Out of every 100 paintings I do, I think I am truly happy with maybe two. And by that, I mean I look at it and see that what was inside of me when I was painting, manifested itself through pigment and water onto the paper. It's a good feeling when that serendipity happens, and I would like it to show up more than two percent of the time! This painting is a culmination of studies of clotheslines that I've done over the years .
Why clotheslines? I love everything about them visually because they encompass all that I want to experiment with in watercolor.: Light, shadow, luminosity, shape, form, and preserving the white of the paper. My challenge has been to paint the clothesline and fabrics, with all of their folds, textures, and shadow detail, while simultaneously maintaining the freedom and playfulness of the abstract. When it comes down to it, that's what I strive to do in all of my paintings, enabling me to get to the essence and power of the subject.
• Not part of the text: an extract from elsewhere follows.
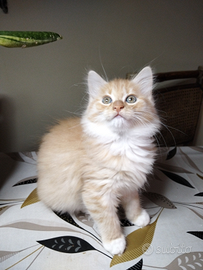 Gattini Siberiani ipoallergenici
The power in this painting is that it resonates emotionally with so many people on various levels. As soon as I posted it, people began talking about their memories of being with mom or grandma out in the backyard hanging laundry on the line, or the fresh smell of cotton sheets after being dried in the sun all day. An old clothesline blowing in the wind seems to bring back universal childhood memories of a slower time when bright summer days stretched out like long shadows into evening.
This is the first painting in a series dealing with preserving whites and light, maintaining luminosity and playing loosely. I'm hoping to push past some tightness and deal with the painting as a whole, living entity. Learning as I go.